We then dove into the New Jersey senator’s two signature ag-related bills: one designed to redress a century of injustice that has helped push the vast majority of US Black farmers off of their land, erasing hundreds of billions of dollars in wealth; and another that would throw a wrench into the US meat industry’s exploitative business model. Booker made impassioned cases for both.

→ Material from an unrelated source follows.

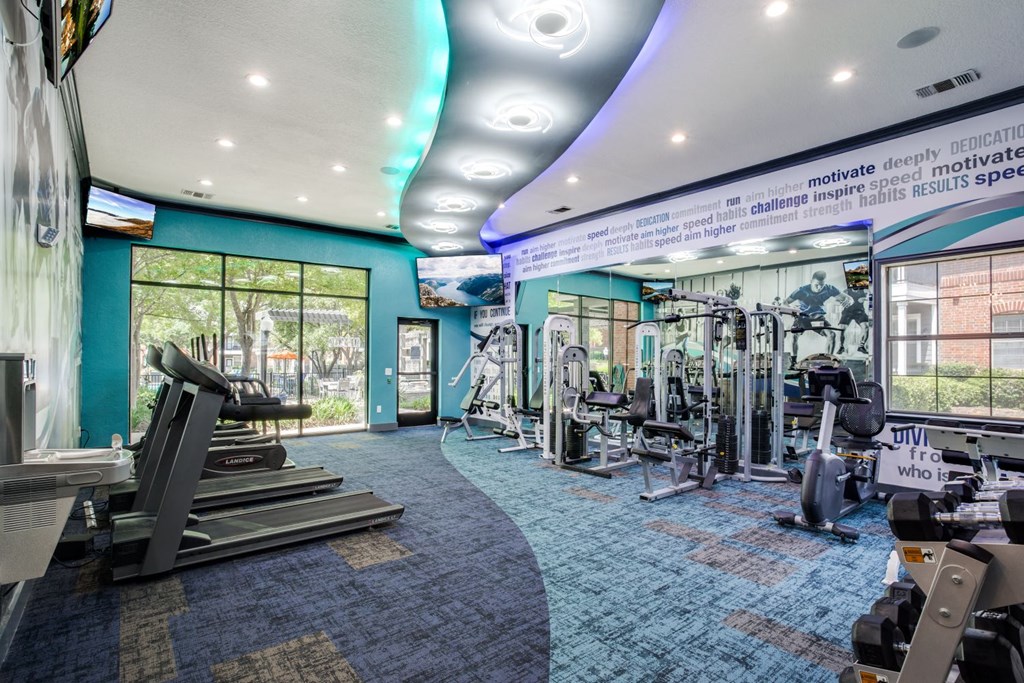 a gym with weights and cardio equipment in a building with windows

At the end, with our time running out, Booker turned the tables and volleyed a question at me: “How do we make food policy the center of the progressive agenda?” Naming climate change, future pandemics, and racial injustice, he stressed that “anything that a progressive says they’re really worried about, I can point to it and say: We we will not solve that unless we start focusing on the American food system.” In just two years, right after the midterm elections in 2022, he added, Congress will have to renew the farm bill, the sprawling twice-a-decade legislation that governs US food and farm programs and shapes what we eat and how we grow it.
I didn’t have time to answer his question, and I’m still not sure how to. But I agree with Booker that it’s one of the biggest challenges that hangs over the nation as climate change ravages our key farming regions, diet-related illnesses proliferate, and potent, well-connected industries dig in to maintain the status quo.